Zhu Mingming, Song Yidong, Yuan Qianmu, Yang Yuedong
School of Computer Science and Engineering, Sun Yat-sen University, Guangzhou, 510006, China.
High Performance Computing Department, National Supercomputing Center in Shenzhen, Shenzhen, Guangdong, 518000, China.
Commun Biol. 2024 Dec 29;7(1):1709. doi: 10.1038/s42003-024-07436-3.

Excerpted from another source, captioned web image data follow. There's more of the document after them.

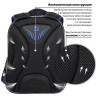 Ранец BRAUBERG QUADRO, 3 отделения, с брелком, "Rapid style", 37х28х18 см, 270603 по низкой цене оптом 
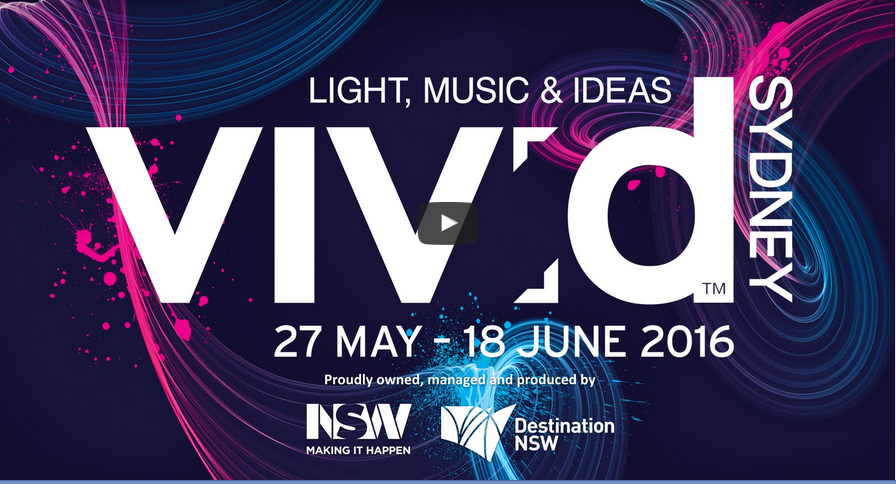 Image of Vivid Sydney Festival logo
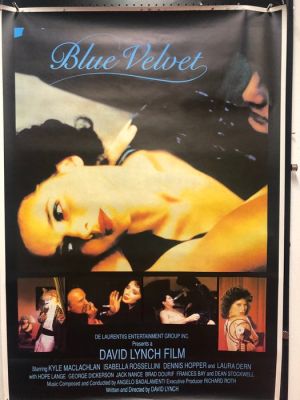 David Lynch - Blue Velvet - Blue Velvet - Isabella Rossellini, Dennis Hopper | Catawiki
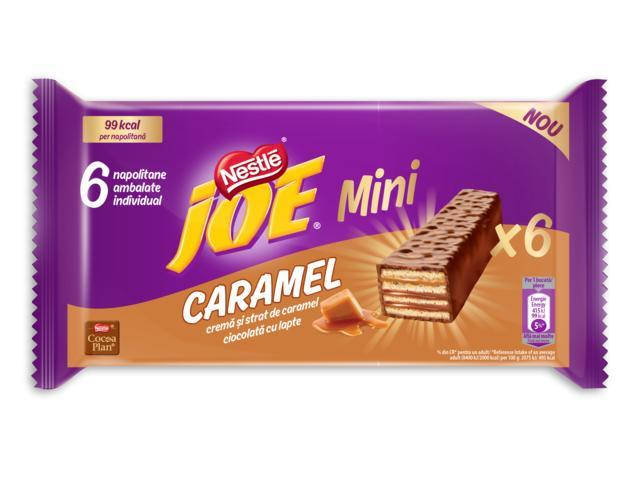 

Вафли Nestle Joe Mini Caramel 6s 120 g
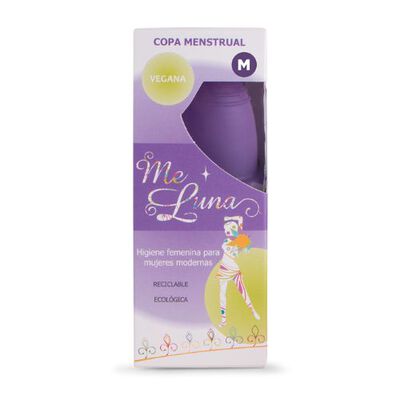 Copa Menstrual MeLuna Talla M - Caja 1 UN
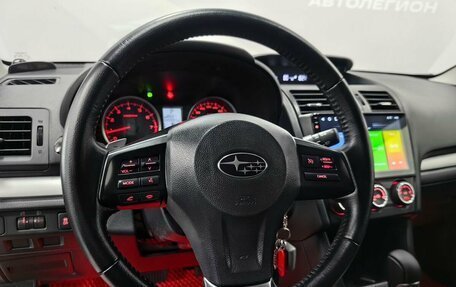 Subaru XV I рестайлинг, 2013 год, 1 285 000 рублей, 11 фотография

Proteins derived from microorganisms that survive in the harshest environments on Earth have stable activity under extreme conditions, providing rich resources for industrial applications and enzyme engineering. Due to the time-consuming nature of experimental determinations, it is imperative to develop computational models for fast and accurate prediction of protein optimal conditions. Previous studies were limited by the scarcity of data and the neglect of protein structures. To solve these problems, we constructed an up-to-date dataset with 175,905 non-redundant proteins and proposed a new model GeoPoc based on geometric graph learning for the protein optimal temperature, pH, and salt concentration prediction. GeoPoc leverages protein structures and sequence embeddings extracted from pre-trained language model, and further employs a geometric graph transformer network to capture the sequence and spatial information. We first focused on in-house validation for optimal temperature prediction for robustness assessment, and achieved a PCC of 0.78. The algorithm is further confirmed in an independent test set, where GeoPoc surpasses the state-of-the-art method by 2.3% in AUC. Additionally, GeoPoc was extended to pH and salt concentration prediction, and obtained AUC scores of 0.78 and 0.77, respectively. Through further interpretable analysis, GeoPoc elucidates the critical physicochemical properties that contribute to enhancing protein thermostability.
源自能在地球上最恶劣环境中生存的微生物的蛋白质,在极端条件下具有稳定的活性,为工业应用和酶工程提供了丰富的资源。由于实验测定耗时,开发用于快速准确预测蛋白质最佳条件的计算模型势在必行。以往的研究受到数据稀缺和对蛋白质结构忽视的限制。为了解决这些问题,我们构建了一个包含175,905个非冗余蛋白质的最新数据集,并提出了一种基于几何图学习的新模型GeoPoc,用于预测蛋白质的最佳温度、pH值和盐浓度。GeoPoc利用从预训练语言模型中提取的蛋白质结构和序列嵌入,并进一步采用几何图变换器网络来捕捉序列和空间信息。我们首先专注于内部验证以进行最佳温度预测的稳健性评估,获得了0.78的皮尔逊相关系数(PCC)。该算法在独立测试集中得到进一步验证,其中GeoPoc在曲线下面积(AUC)方面比最先进的方法高出2.3%。此外,GeoPoc被扩展到pH值和盐浓度预测,分别获得了0.78和0.77的AUC分数。通过进一步的可解释分析,GeoPoc阐明了有助于提高蛋白质热稳定性的关键物理化学性质。